Frage: Dass die FDP mal Umweltpionier war, ist ziemlich in Vergessenheit geraten.

Theurer: Leider ist kaum bekannt, dass die Liberalen den Umweltschutz erfunden haben. Die Grundauseinandersetzung zwischen den Ökosozialisten und dem liberalen Ansatz der ökologischen Marktwirtschaft hat sich nicht geändert. Andere wollen ein Verbot von Inlandsflügen, von Fleischkonsum, vom Verbrennungsmotor und flächendeckende Fahrverbote. Das ist der Unterschied: Für die Liberalen ist die individuelle Freiheit ein hohes Gut, das ohne Not nicht geopfert werden darf.

Frage: Sehen Sie Grün-Gelb als Fortschrittsmodell über den Südwesten hinaus?

Theurer: Wenn es 2021 für eine grün-gelbe Koalition in Baden-Württemberg reicht, hat das große bundespolitische Signalwirkung. Ist Grün-Gelb Ihr Favorit?  Wir haben im Land erfolgreich mit der CDU regiert, wir können uns auch eine schwarz-gelbe Regierung vorstellen wie in Nordrhein-Westfalen: Der dortige CDU-Innenminister bekämpft die Bandenkriminalität, der FDP-Integrationsminister schickt Gefährder nach Hause, und der FDP-Wirtschaftsminister befreit die Unternehmen von unnötiger Bürokratie. Das sind alles auch Themen in Baden-Württemberg. Die Entscheidung liegt bei den Wählern.

Frage: Bisher haben vor allem  die Grünen  vertreten,  dass  Ökologie  und  Ökonomie  zusammenpassen. Für die FDP ist das neu.

Theurer: Die Versöhnung von Ökonomie und Ökologie ist die zentrale Herausforderung unserer Zeit. Die stark von den Grünen geprägte aktuelle Klimapolitik ist ideologisch, bevorzugt einseitig die Batteriemobilität und gefährdet Hunderttausende von Arbeitsplätzen und damit auch unseren Wohlstand. Dies muss korrigiert werden. Mit diesem Anspruch tritt die FDP als marktwirtschaftliches Korrektiv an. Wir wollen so stark werden, dass wir unsere Vorstellungen in einer Regierung durchsetzen können.

Frage: Wie sieht die FDP-Autopolitik aus?

Theurer: Wenn es gelingt, in Südeuropa oder in Afrika in großindustriellem Maßstab Wasserstoff und damit auch synthetische Kraftstoffe herzustellen, erreichen wir global einen viel größeren Effekt als alles, was durch kleinteilige Staatsinterventionen erreichbar ist. Weltweit gibt es 1,3 Milliarden Autos mit Verbrennungsmotor. Wenn es zügig mehr klimaneutrale Treibstoffe gäbe – mindestens als Beimischung – wäre das ein Riesenfortschritt. Deshalb fordere ich die Gründung einer Europäischen Wasserstoffunion.
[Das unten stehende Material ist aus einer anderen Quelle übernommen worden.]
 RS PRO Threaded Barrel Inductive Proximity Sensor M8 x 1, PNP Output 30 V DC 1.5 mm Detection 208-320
Frage: Was sagen Sie Zweiflern, die die FDP schon umfallen sehen, wenn sie zwischen Wachstum und Klimaschutz entscheiden muss?
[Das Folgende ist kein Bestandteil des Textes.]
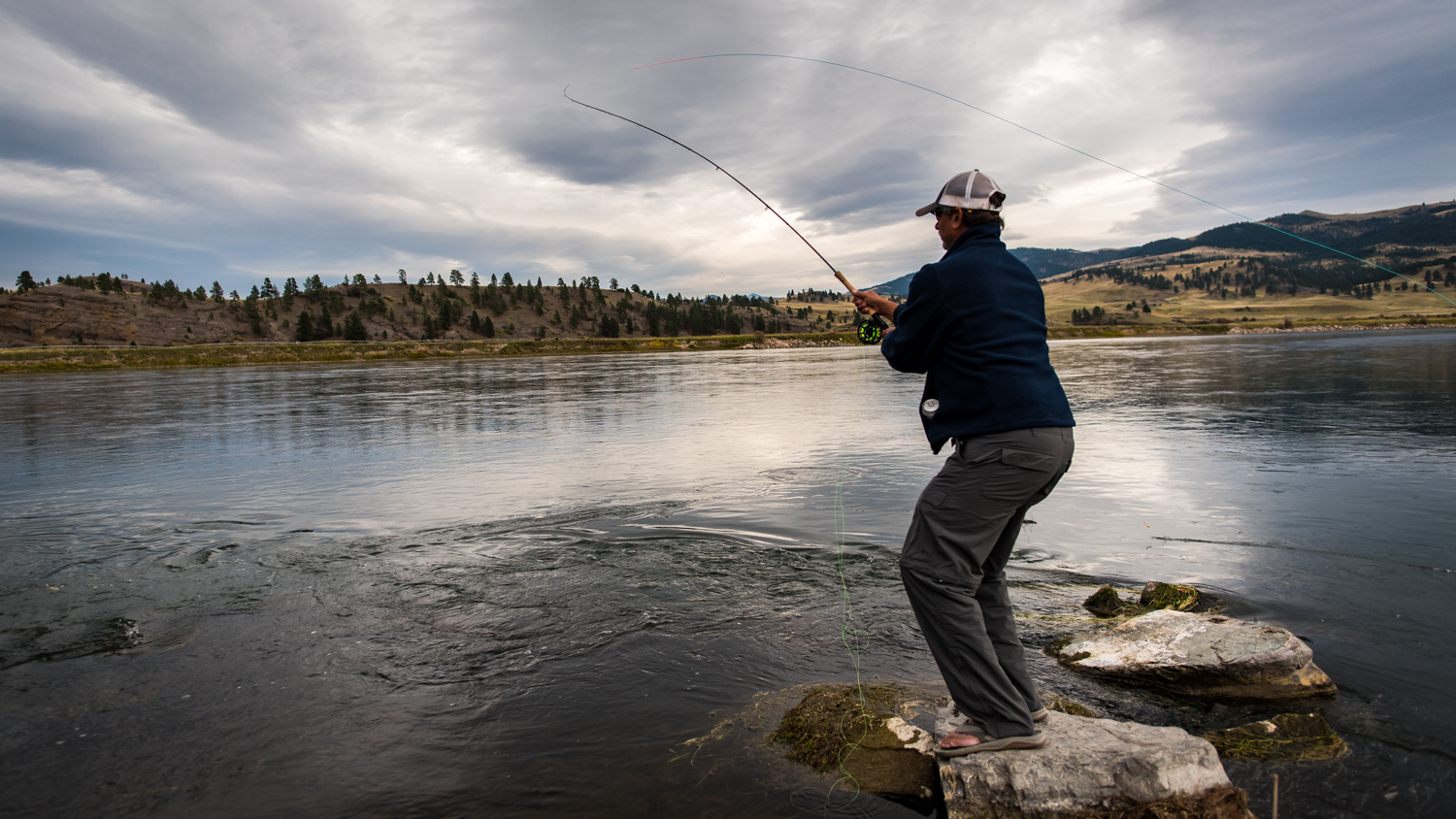 Montana Trout Spey Fishing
Theurer: Soziale Stabilität und Innovationsfähigkeit unseres Landes hängen vom Wachstum ab. Wir müssen nachhaltiges Wachstum generieren. Dirigistischer Klimaschutz führt zur Verarmung und Deindustrialisierung. Damit erreichen wir für den Klimaschutz nichts und gefährden unseren Wohlstand. Das wäre das Dümmste, was wir machen können.